Их отношения рухнули по её вине. Если бы не её измены, которые так больно ранили, он, вполне вероятно, никогда не увлёкся бы другой (другими!). Но он знал о её неверности, и мысль об этом (хотя и простил) постоянно терзала душу. Так что его первые измены, возможно, были всего лишь попыткой уравновесить вину. Так ведь случается во многих семьях… Во всяком случае, о разрыве с Жозефиной ради другой женщины он даже не помышлял. А потом возникла проблема наследника. И здесь уже была не вина её, а беда. Но обо всём по порядку.
Я уже писала, что их «медовый месяц» длился всего два дня: ему пришлось срочно отправиться в Итальянскую армию. А там, в самой естественной для него обстановке – на войне – он будет мечтать о Жозефине и рваться душой к ней. Так будет продолжаться всю их общую жизнь. Только страсть в его письмах постепенно будет сменяться нежностью…
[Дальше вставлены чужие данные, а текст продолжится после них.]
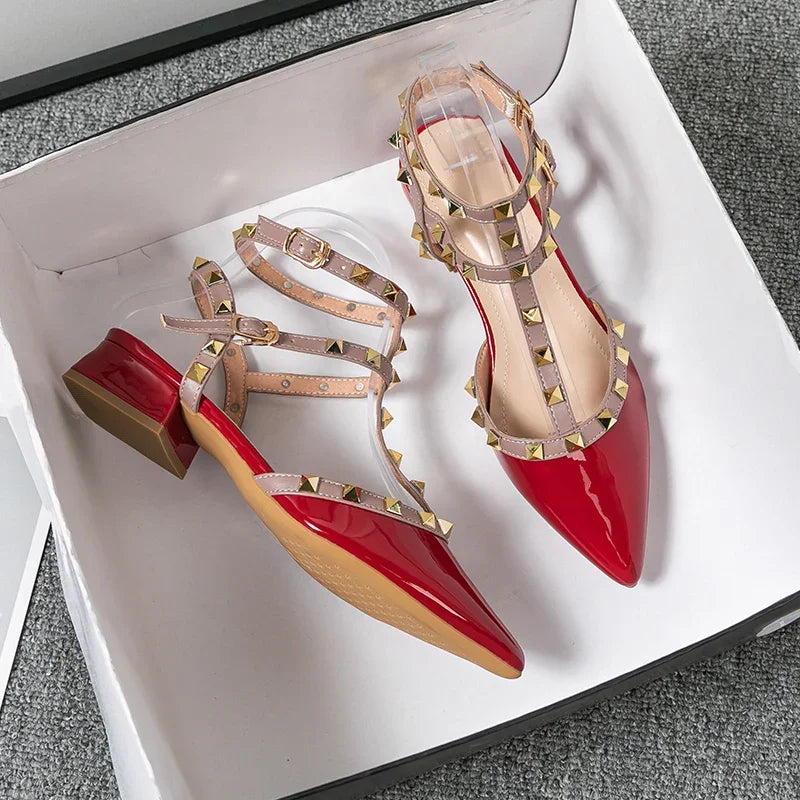 High Stiletto Heels - VibreMode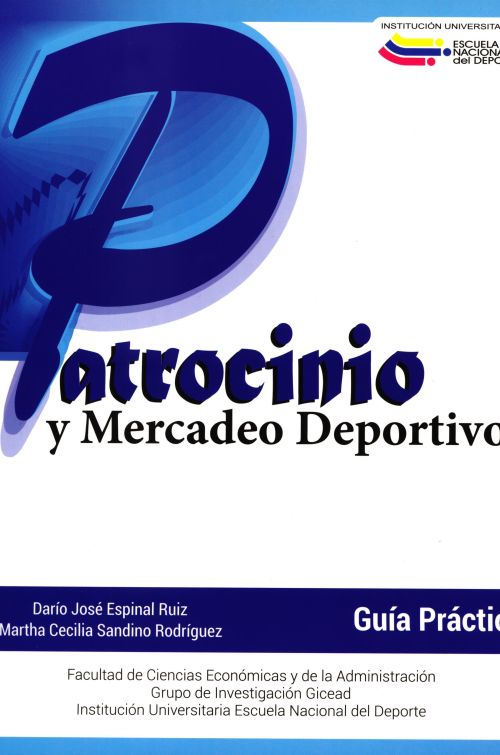 portada patrocinio mercadeo deportivo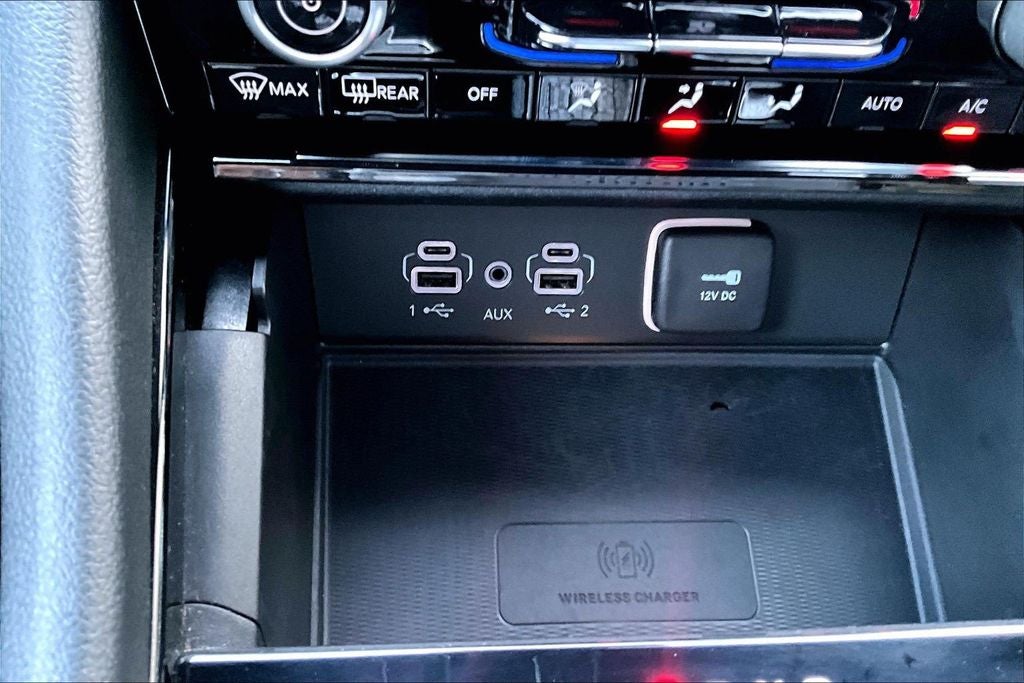 2023 Jeep Grand Cherokee Overland 4xe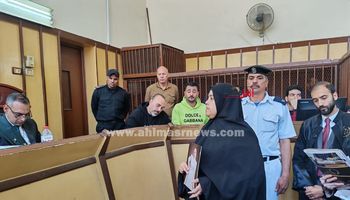 والدة عروس بورسعيد 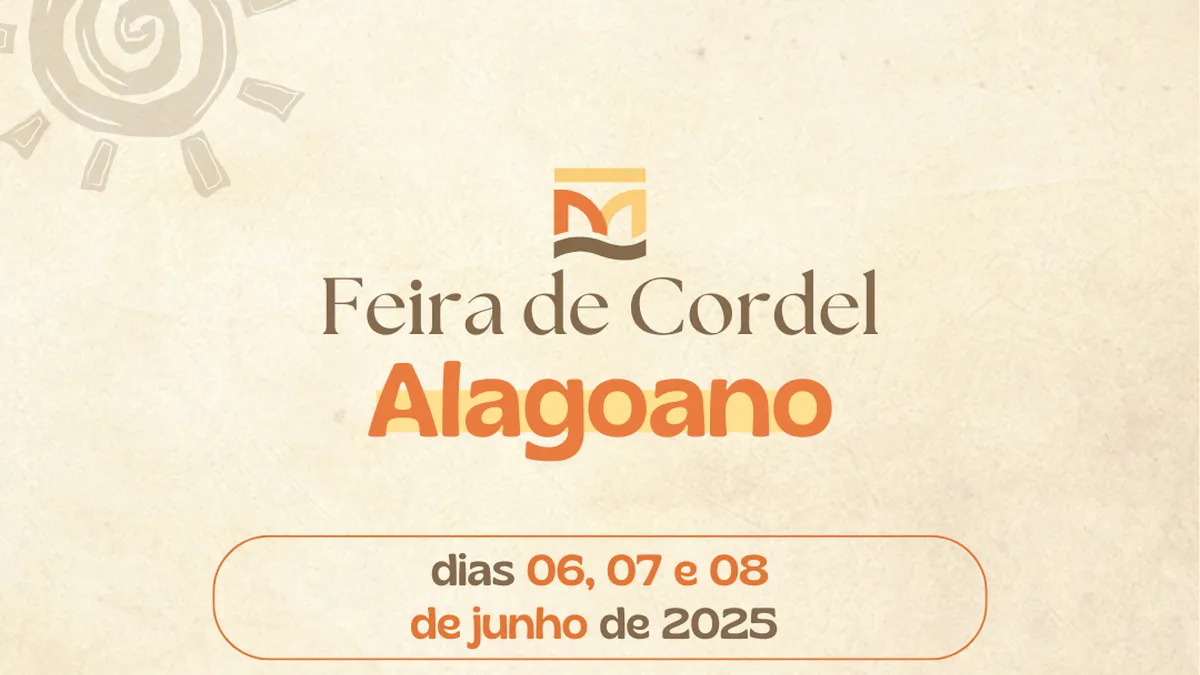 Feira do Cordel Alagoano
Не могу удержаться от искушения процитировать хотя бы несколько его писем. Во-первых, прочитав их, куда лучше понимаешь, каким человеком он был, даже если до этого перечитал сотни книг, о нём написанных. Во-вторых, с горечью сознаёшь: раз ушло время таких писем, может быть, ушло и время настоящей любви?
«Жозефина, Ты должна была уехать 5-го из Парижа, ты должна была уехать 11-го, а ты не уехала и 12-го… Моя душа была открыта для радости, теперь она наполнена болью. Почта приходит без твоих писем… Когда ты мне пишешь несколько слов, твой стиль никогда не наполнен глубоким чувством. Твоя любовь ко мне была пустым капризом. Ты сама чувствуешь, что было бы смешно, если бы она пленила твое сердце. Мне кажется, что ты сделала свой выбор и знаешь, к кому обратиться, чтобы меня заменить. Я тебе желаю счастья, если непостоянство может его предоставить. Я не говорю – вероломство. Ты никогда не любила…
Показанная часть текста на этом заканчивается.